GR 255889; (July, 2023) (Digest)
G.R. No. 255889 , July 26, 2023
LEONARDO L. JUSTO, PETITIONER, VS. TECHNOMAR CREW MANAGEMENT CORP., TECHNOMAR SHIPPING, INC., AND TERESITA B. MALAGIOK, RESPONDENTS.
FACTS
Petitioner Leonardo L. Justo was hired as a cook by respondent Technomar Crew Management Corp. On March 27, 2018, he was declared fit to work. In the first week of June 2018, while working, a cargo hold fell directly above the galley, producing a loud metallic sound. This caused a high-tune ringing in his right ear, blurring of vision, and headache. He was medically attended to in Sweden and France, diagnosed with a perforated right eardrum, and advised surgery. He was repatriated on July 22, 2018. The company-designated doctor, after a series of treatments including a right ear tympanoplasty on August 17, 2018, issued a disability assessment of Grade 11 (one-half loss of hearing in one ear) on November 7, 2018. On December 7, 2018, the same doctor issued a final medical report declaring Leonardo “Fit to Resume Sea Duties.” Leonardo refused to sign the certificate of fitness. He consulted his own doctor, Dr. Danilo Q. Reyno, who declared him totally and permanently disabled on January 14, 2019, citing severe hearing loss in the left ear and moderate loss in the right, which would be aggravated by workplace noise. Through counsel, Leonardo requested a third-doctor referral from respondents on January 17, 2019, but claimed they did not reply. He then filed a Notice to Arbitrate. Respondents countered that they were willing to refer the case to a third doctor, as shown in conference minutes where they submitted proposed guidelines, but coordination failed as Leonardo’s side could not be reached. The Panel of Voluntary Arbitrators (PVA) ruled in favor of Leonardo, granting total and permanent disability benefits, moral and exemplary damages, and attorney’s fees. The Court of Appeals reversed this decision.
ISSUE
Whether the Court of Appeals erred in reversing the PVA Decision and in not finding petitioner Leonardo L. Justo entitled to total and permanent disability benefits.
RULING
The Supreme Court GRANTED the Petition.

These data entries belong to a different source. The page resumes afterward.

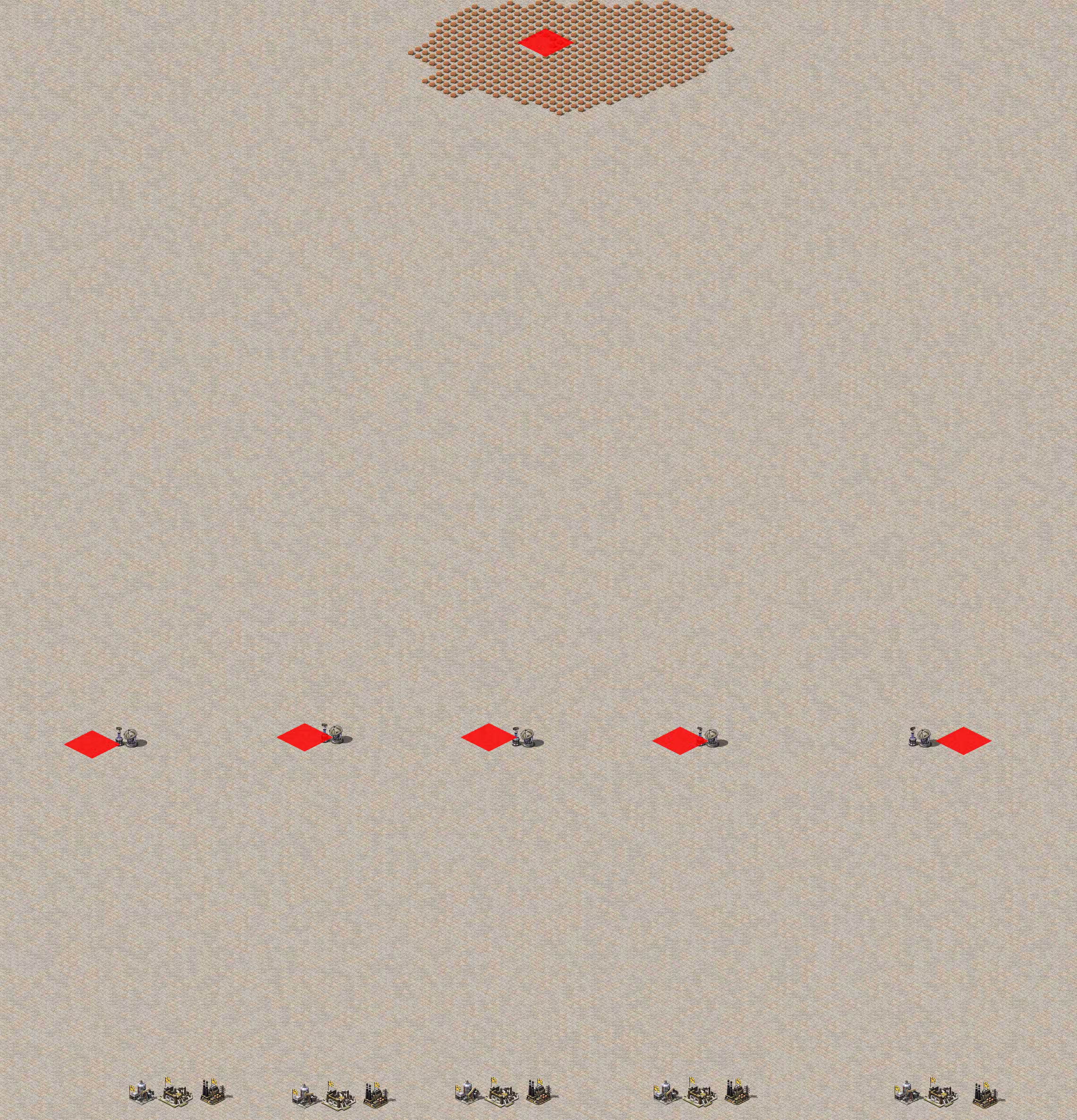 Preview of survival_very_hard_chungchung**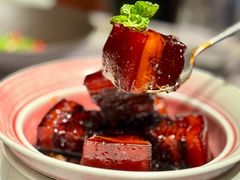 -三利音·浦之舟(滨江大道店)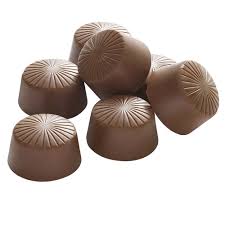 Aroma Milky Dream 4,0kg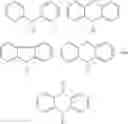 Fig. 06 - GEL ELECTROLYTE AND APPLICATIONS THEREOF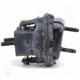 Purchase Top-Quality Engine Mount Front Right by UNI-SELECT/PRO-SELECT/PRO-IMPORT - 3093 pa8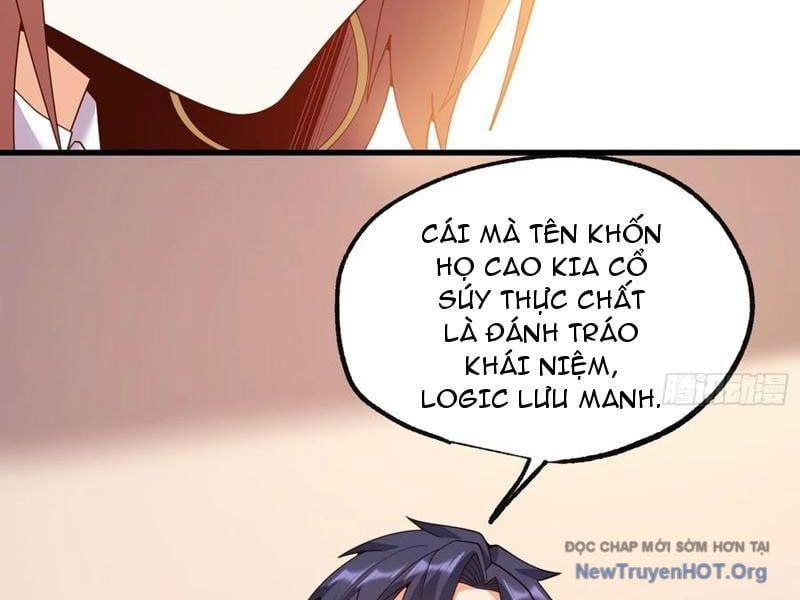 Trọng Sinh Không Làm Chạn Vương Tôi Một Mình Nạp Game Thăng Cấp - Chapter 256 - Page 85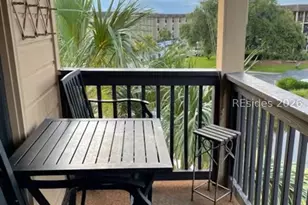 40 Folly Field Rd, Hilton Head Island, SC 29928 - Photo 10
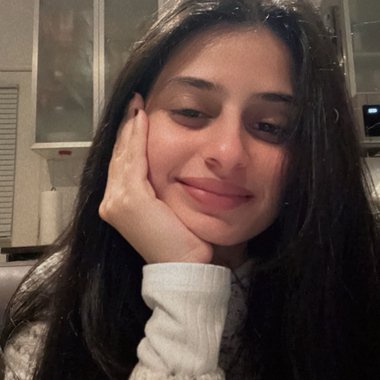 Harman - Freelance Brand Designer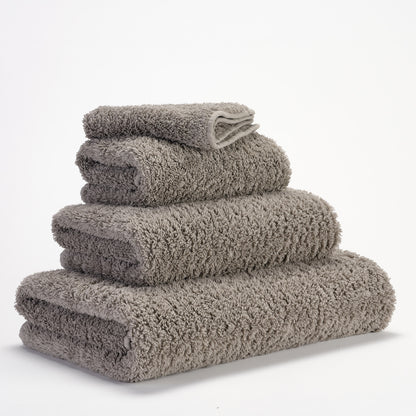 SuperPile Towels by Abyss | Habidecor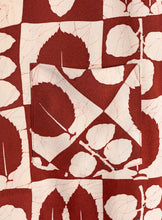 画像をギャラリービューアに読み込む, Ochiba Kimono Shirts｜SAI Japan Vintage（サイジャパンヴィンテージ）
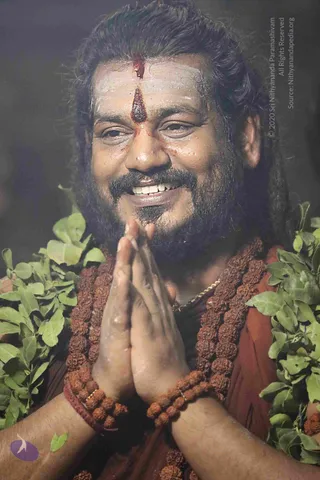 3-Shiva-Deeksha-Kalpataru_Photo_1016_7T7A5943_CMP_WM
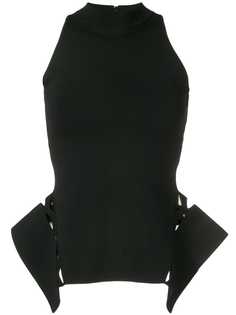 Одежда Roland Mouret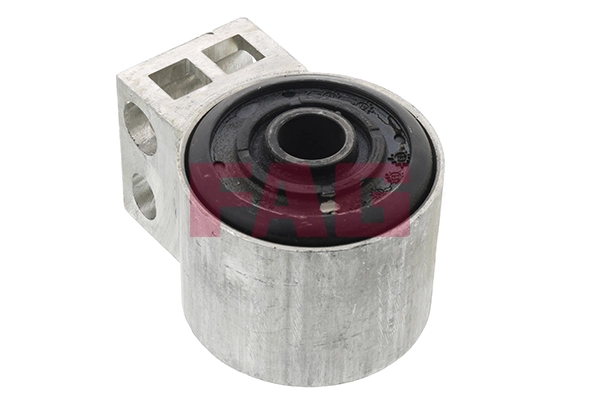 Silentblock de brazo de suspensión Volvo 12786412 precio, desde 35,71 EUR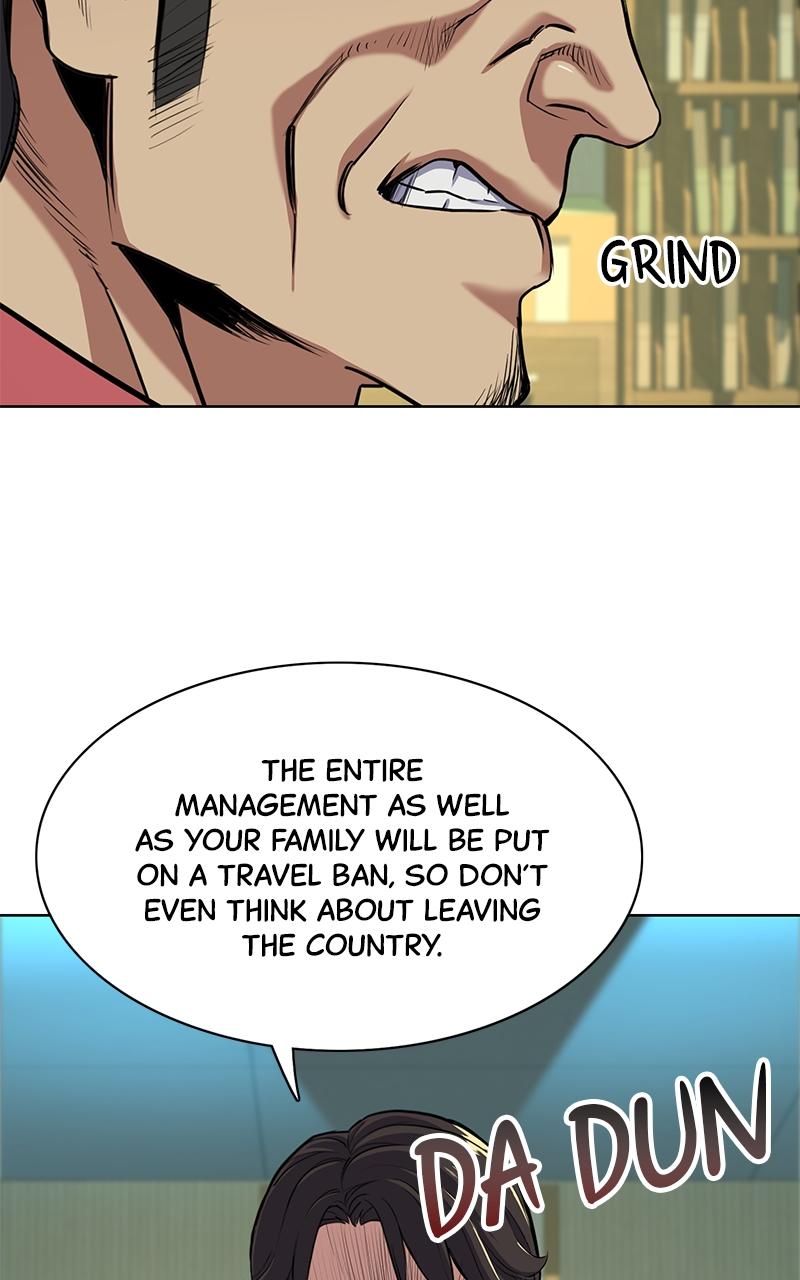 Reborn Rich Chap 54 - Next Chap 55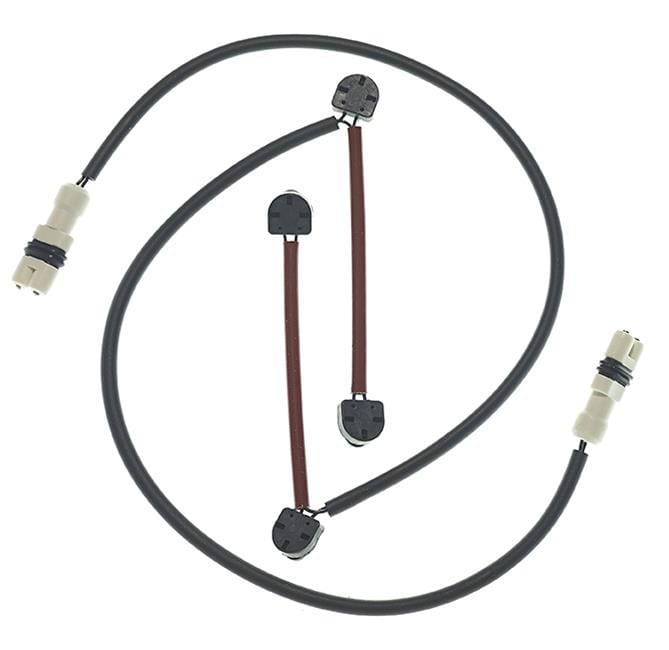 Brembo Brembo Brake Pad Wear Sensors A00339 Autofit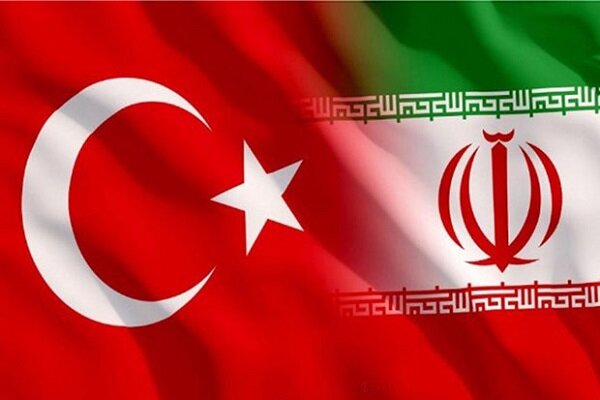 امضای آتاتورک بر بدنه ایرباس تابان؛ سوژه تازه انتقادها از نظارت بر ناوگان هوایی کشور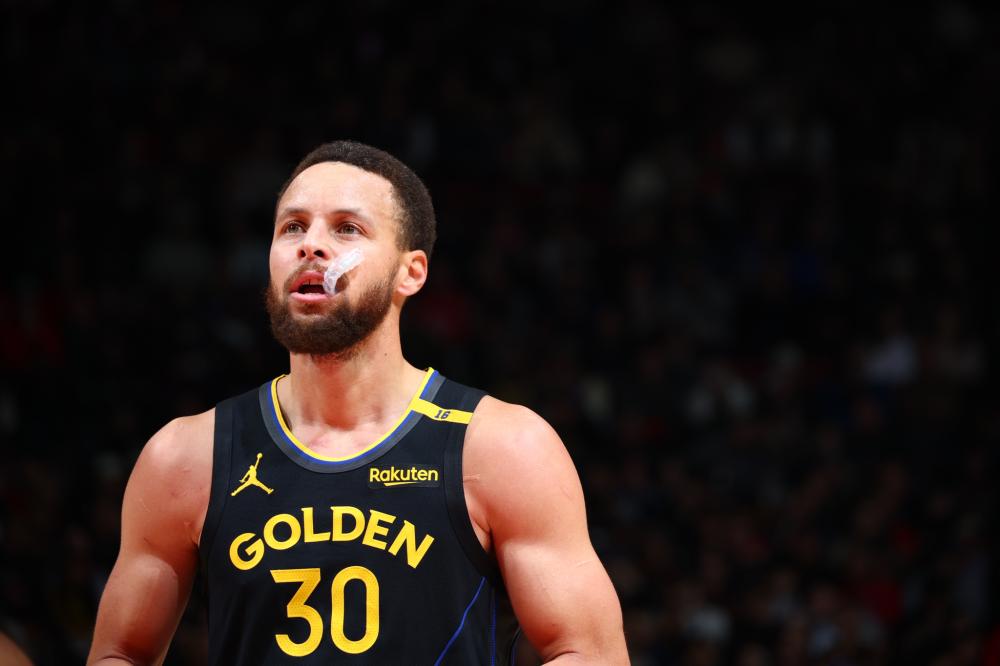 英格兰队的 英格兰队的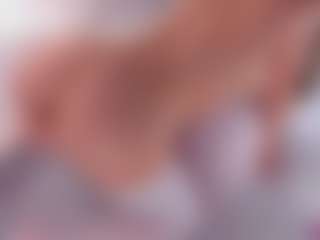 Dakota Blare's Live Sex Cam Show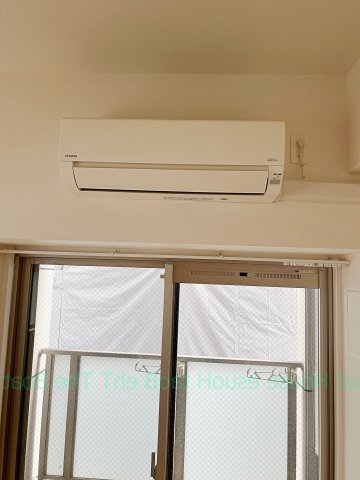 ファステート名古屋ラプソディのその他写真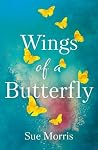 Wings of a Butterfly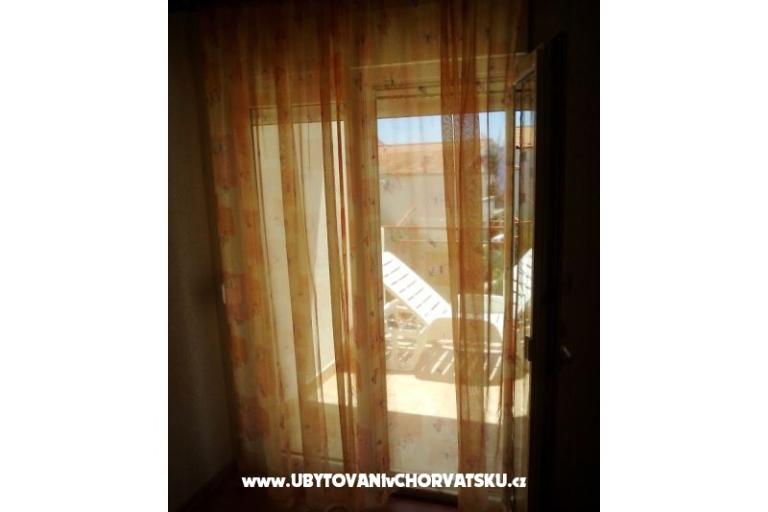 Apartmány Vujica  – foto 16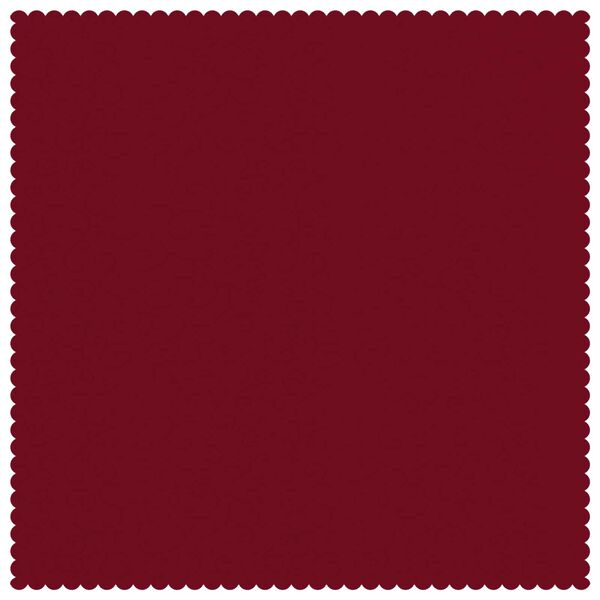 Mostrando imagen del producto 4 de 7
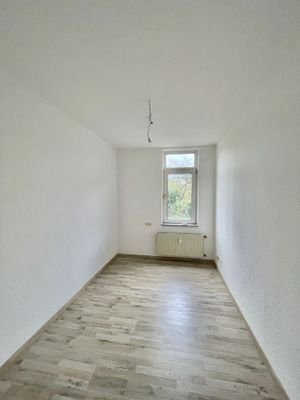 Zimmer 2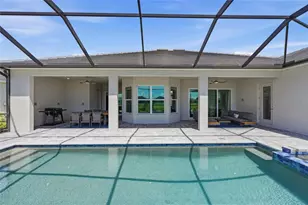 17235 Albatross Rd, Venice, FL 34293 - Photo 57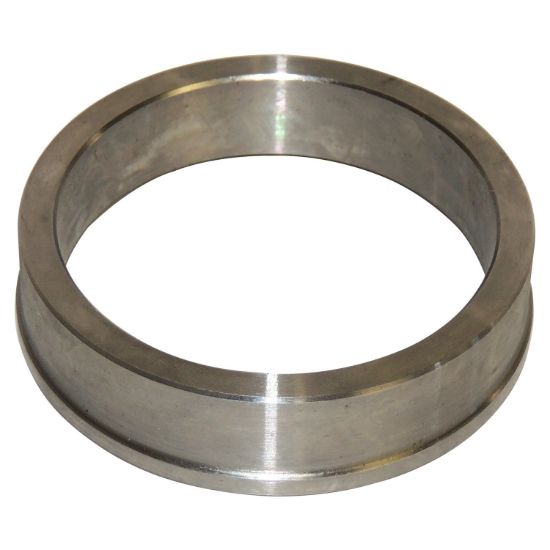 CROWN AUTO AXLE HOUSING BEARING SPAC - LSPACER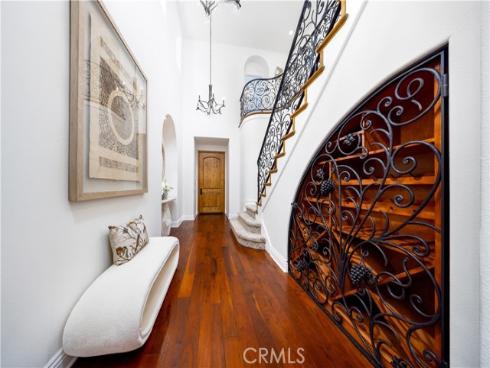 22 Shady , Irvine, CA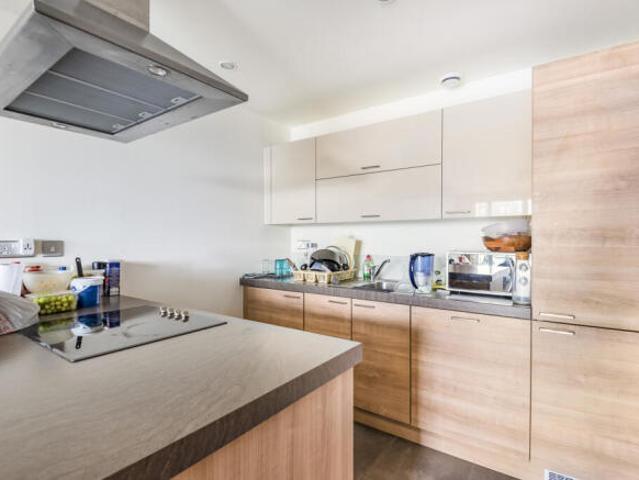 Apartment for rent in Cat Hill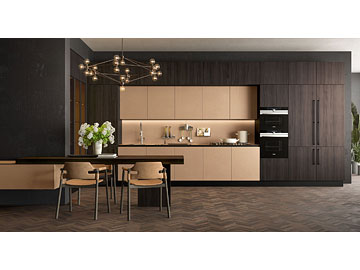 Cucine Lube - Clover Collection #12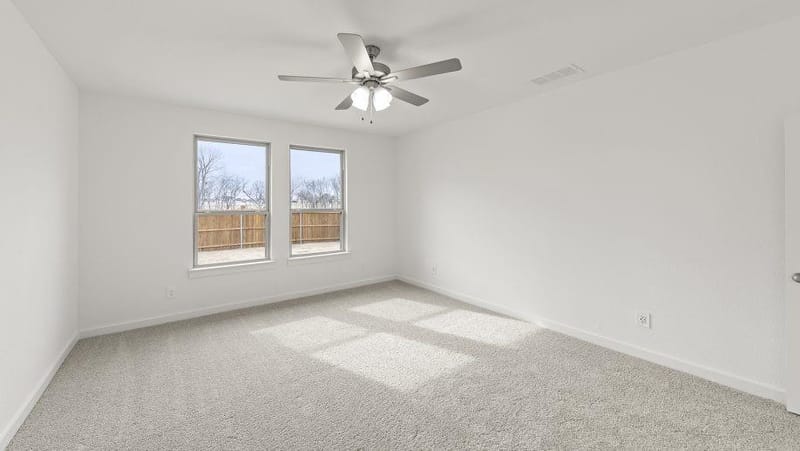 4725 Farmers Drive, Celina TX 75009 - Photo 16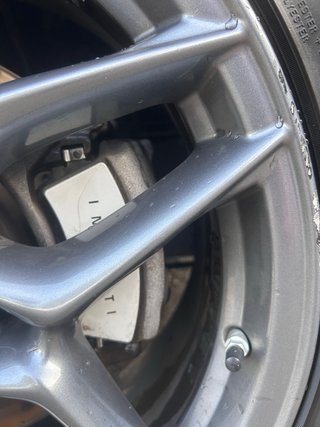 Infiniti Q30 2017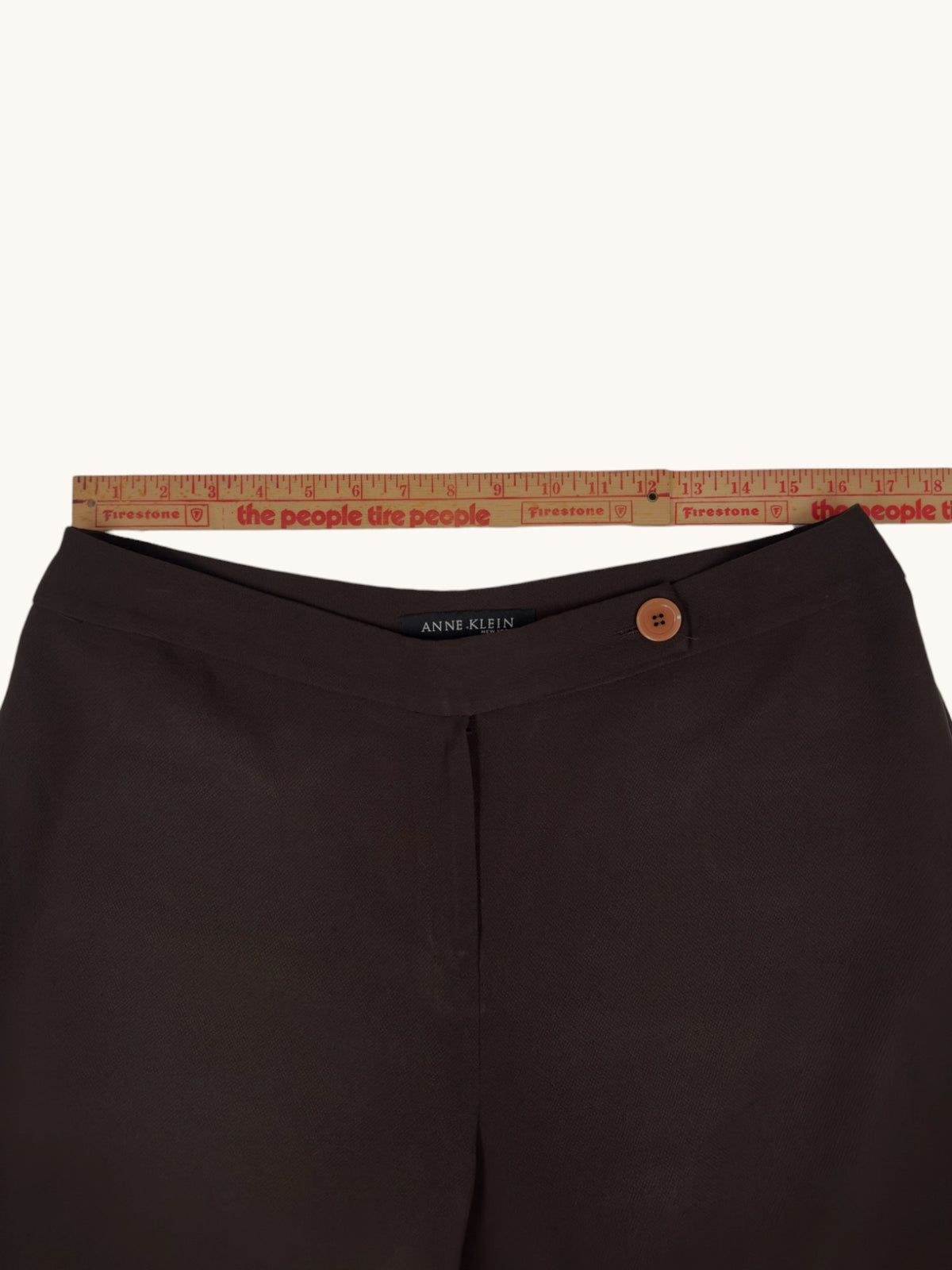 00s Anne Klein Pants - 14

The Decision and Resolution of the Court of Appeals were REVERSED and SET ASIDE. The Decision of the Panel of Voluntary Arbitrators dated September 27, 2019, was REINSTATED with MODIFICATION, deleting the awards of moral and exemplary damages.
The Court held that the company-designated doctor’s “fit to work” assessment was issued beyond the 120/240-day period allowed for assessment under the Philippine Overseas Employment Administration-Standard Employment Contract (POEA-SEC) and relevant jurisprudence. The illness occurred in June 2018, and the final assessment was issued on December 7, 2018, which was beyond 240 days from the initial medical treatment. Consequently, Leonardo was deemed permanently and totally disabled.
The Court further ruled that the conflicting findings of the company-designated doctor (fit to work) and the seafarer’s personal doctor (totally and permanently disabled) necessitated a referral to a third doctor. The obligation to initiate this referral rests on the employer. The Court found that respondents failed to properly initiate this process. While they submitted proposed guidelines during arbitration conferences, this was not a direct response to Leonardo’s formal written request sent months earlier. The employer’s inaction following the seafarer’s submission of a contrary medical opinion constrains the Court to rule in favor of the seafarer.
On the disability, the Court agreed with the PVA that the nature and severity of Leonardo’s hearing lossโrequiring a hearing aid as a palliative measureโrendered him incapable of performing his duties as a seafarer, especially in a noisy ship environment, thus constituting total and permanent disability.
However, the Court deleted the awards of moral and exemplary damages, finding no clear evidence of bad faith on the part of the respondents in handling the claim. Attorney’s fees were upheld under Article 2208(8) of the Civil Code, as the action is based on an employer’s liability law.